On Wednesday, Davis was tight-lipped about the stalled project. She would only say she was “looking forward to working with the mayor on many exciting projects,” but “I’m not announcing any new projects here today.”
As for her 18-month stint at the Department of Buildings, Davis said she couldn’t be more proud.
“This department has had some challenges in the past, but it was gratifying to be here at a critical time to turn the page. We upgraded the hiring requirements for our inspectors. Every employee has gone through customer services training. We’re delivering projects and supporting economic activity by partnering with architects, engineers and developers,” Davis said.
Davis acknowledged that the city is still pursuing landlords who have thumbed their noses at the delayed requirement to install sprinklers or make less-costly “life safety” improvements, such as enclosing stairwells. But she said that’s only because the court system can’t handle 400 lawsuits at once.
“There are 100 of the most egregious cases in court at this point and every month we file new cases. It’s just the capacity of the court system,” she said.
“I look forward to the day when all of the buildings in our life safety portfolio have all of their safety mechanisms in place, have met the threshold and are delivering life safety for all the residents of their buildings.”
Emanuel has already shuffled the deck and breathed new life into his second-term cabinet by naming CTA President Forrest Claypool, the mayor’s longtime friend, to be his chief of staff.

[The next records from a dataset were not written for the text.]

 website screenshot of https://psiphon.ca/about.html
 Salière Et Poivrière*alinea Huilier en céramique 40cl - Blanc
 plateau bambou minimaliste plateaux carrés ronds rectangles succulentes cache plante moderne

In a news release announcing the latest changes, the mayor portrayed the moves as a win-win for both women and for the city.
“Felicia’s diverse background has served Chicago well in her various positions in city government, and her most recent work at [the Department of Buildings] supporting and promoting new developments in neighborhoods throughout the city has positioned her to ably lead the PBC as the commission continues to develop community facilities and infrastructure,” Emanuel was quoted as saying in the news release.

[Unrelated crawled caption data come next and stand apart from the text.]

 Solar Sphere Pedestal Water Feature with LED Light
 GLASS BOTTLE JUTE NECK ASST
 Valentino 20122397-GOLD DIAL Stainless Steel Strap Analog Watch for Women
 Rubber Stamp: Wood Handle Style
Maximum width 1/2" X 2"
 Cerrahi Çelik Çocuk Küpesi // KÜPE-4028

“Similarly, Judy has decades of experience fighting for the safety of Chicago residents in building court, and the relationships she’s built with the business community along the way will enable her to be an effective advocate for public safety and continued economic development at DOB.”

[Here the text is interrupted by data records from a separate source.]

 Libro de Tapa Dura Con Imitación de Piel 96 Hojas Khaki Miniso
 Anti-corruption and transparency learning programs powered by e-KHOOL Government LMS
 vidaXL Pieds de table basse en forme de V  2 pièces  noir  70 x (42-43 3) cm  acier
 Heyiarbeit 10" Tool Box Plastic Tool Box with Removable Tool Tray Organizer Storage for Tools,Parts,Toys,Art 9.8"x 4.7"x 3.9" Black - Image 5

Frydland said she has spent the last 25 years working closely with the Department of Buildings to “improve residents’ quality of life and increase the safety” of Chicago neighborhoods by “aggressively enforcing” the building code.
“Yet the Department of Buildings is much more than just an enforcement agency, and as commissioner I will continue to strengthen our relationships with businesses and investors to drive economic development in neighborhoods throughout the city,” the new commissioner was quoted as saying.